Initially hesitant to learn a new sport after age 40, Stout relented and picked up a pair of skates and a stick.
"It looked like so much fun," Stout, 45, said. "I started in the C League. As I improved, I got drafted into the B League. But I enjoyed all the people in C League, and they didn't have enough goalies."
Stout plays goalie so he can play in Steamboat's adult C League and he skates in the B League.
On Tuesday, Stout was listening to instruction and trying to stop slap shots from players more than 20 years his junior on the second day of the Rick Heinz Hockey School.
The camp for goalies and players continues through Friday at Howelsen Ice Arena.
"Mostly, it is all skill development," instructor Brent Scott said.
The camp includes five instructors for 33 skaters, an excellent ratio for on-ice and off-ice development. Scott spent 14 years playing minor league hockey and two as a professional coach in the Canadian Hockey League.
Scott, who's from Calgary, has been in Steamboat for instructional camps in previous years, and he looks forward to spending the week in Northwest Colorado and seeing the same skaters return.
"A lot of the kids here have gotten a lot better," Scott said. "They have picked up the game."
The Rick Heinz Hockey School employs players of all levels, including professionals who spend the offseason working at camps. In addition to Scott, several of the other instructors in Steamboat have played college or minor-league hockey.

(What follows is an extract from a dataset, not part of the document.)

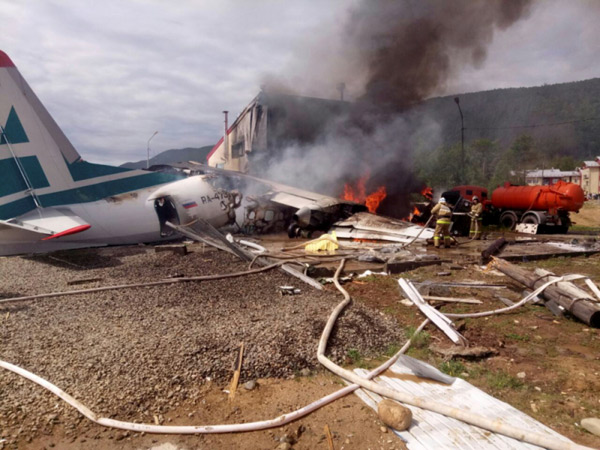 Rusya'da yolcu uçak binaya çarptı (Foto)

Members of the Steamboat Springs High School hockey team also were on the ice Tuesday, helping run stations and taking shots at the goalies.
Steamboat players aren't the only ones in town this week.
Chase Crawford, 9, of Denver, came up for the clinic. He has been playing hockey for three years.
"I wasn't too good at being a player, I guess," Crawford said, citing his reason for being a goalie, but that doesn't mean he is a terrible skater. "Goalies don't have to be the fastest, but they have to be the best."
Crawford hopped off the bench in full pads and demonstrated two stances he has been working on this week -- the butterfly and half-butterfly.
Scott laughed. Coaching professionally doesn't compare to teaching children.
"After five days, seeing what they learn is great," he added. "You can motivate them easy because of their love of the game."
Stout is a testament to the addicting nature of hockey. Putting on pads and learning a new sport can be tough no matter a person's age, but there's a reason why people do it.
"On a scale of one to 10 with 10 being the NHL, we are probably a 0.3," Stout said. "But we probably have more fun."